The 2020 US election looks set to deliver either the greenest or the dirtiest President in American history. President Trump's playbook is already clear: tear up environmental policies, while parroting lies about the cleanliness of US air and water and characterising the Democrats' proposals for meaningful climate action as a tax-hiking Communist plot. But the Democrats counter-offer to the electorate is becoming equally explicit and it is everything the Trump team is not: detailed, credible, and firmly rooted in environmental and social justice.
Virtually every candidate in the out-sized Democrat primary field has pledged to set a net zero emission target for the US of 2050 or earlier, while most of the frontrunner have either already published detailed climate action plans or are working on them.

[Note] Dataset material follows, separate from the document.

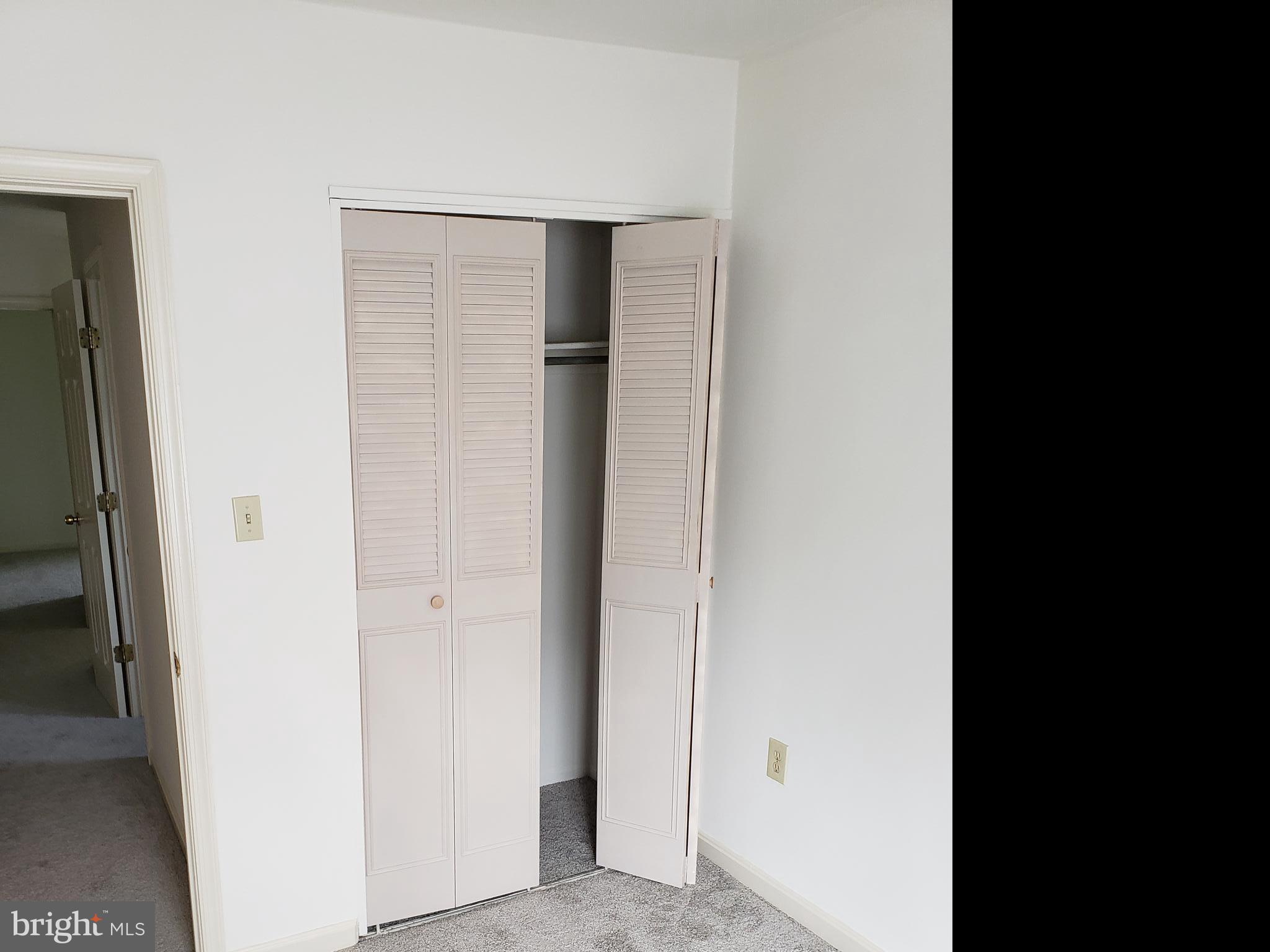 COUNTRY SCENE - Residential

The Sunrise Movement and the team of activist Congressmen and women around Alexandria Ocasio-Cortez may have put a few noses out of joint at the top of the party, but they have also triggered an arms race as candidates have sought to outbid each other with more ambitious climate pledges.

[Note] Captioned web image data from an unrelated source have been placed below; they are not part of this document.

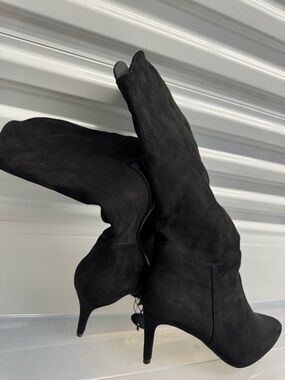 Black Women's Suede Stiletto Boots - Unbranded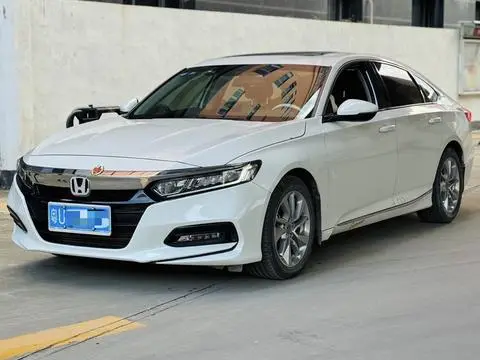 Honda Accord 2018 — фото 1
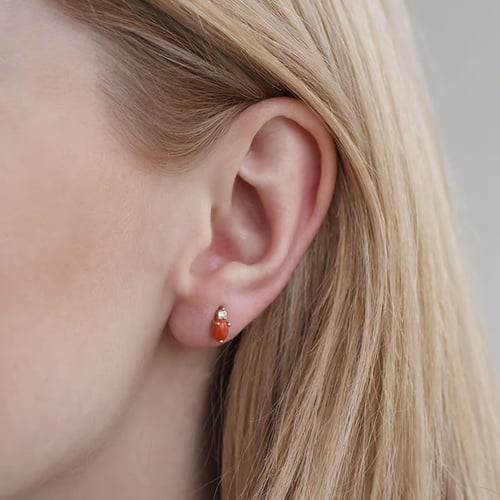 Zlatá piercing náušnica s korálom a diamantom Phyllis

Yesterday, the Party's climate policy push opened up a crucial new front as Senator Kamala Harris, one of the strongest performers in the most recent televised debate, teams up with Ocasio-Cortez to unveil new legislation that would aim to ensure climate programmes benefit disadvantaged and low in-come communities.
Hailed as one of the first legislative steps in support of the Green New Deal programme popularised by Ocasio-Cortez, the Climate Equity Act would introduce a series of specific mechanisms designed to ensure efforts to decarbonise the economy do not leave certain regions and communities behind. The Green New Deal has faced criticism in some quarters for a failure to deliver specific policy recommendations and a desire to look beyond emission reduction measures to also deliver healthcare reform, job opportunities, and social justice. But the proposed new legislation looks to push back at some of these critiques by detailing how climate policies could be tailored to tackle deep rooted inequalities across US society.

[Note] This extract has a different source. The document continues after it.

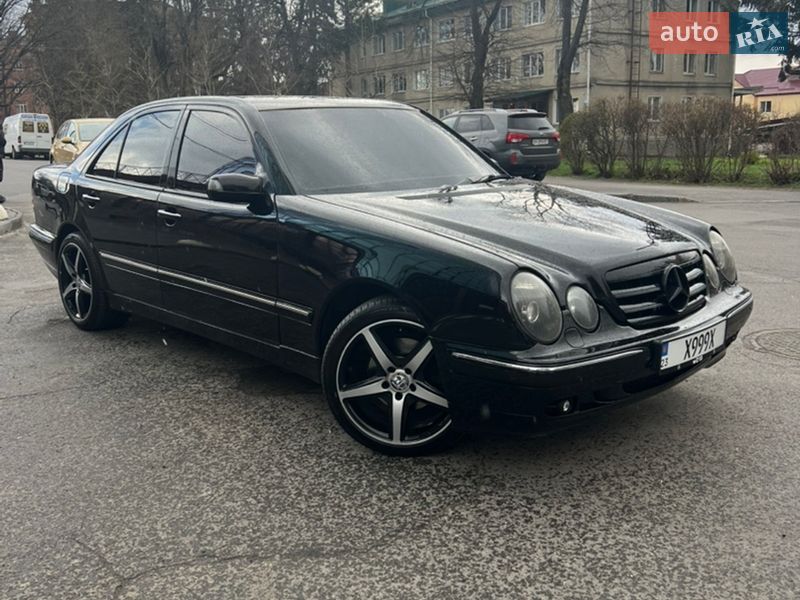 Седан Mercedes-Benz E-Class 2000 в Хмельницком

Specifically, the bill would require any new environmental regulations to be assessed based on the impact they would have on low income communities. Modelled on the independent Congressional Budget Office approach, which measures the cost of any new legislation, the proposed new mechanism would provide a score to determine whether new policies benefit or hinder low income communities that are both disproportionately exposed to climate impacts and reliant on jobs in polluting industries.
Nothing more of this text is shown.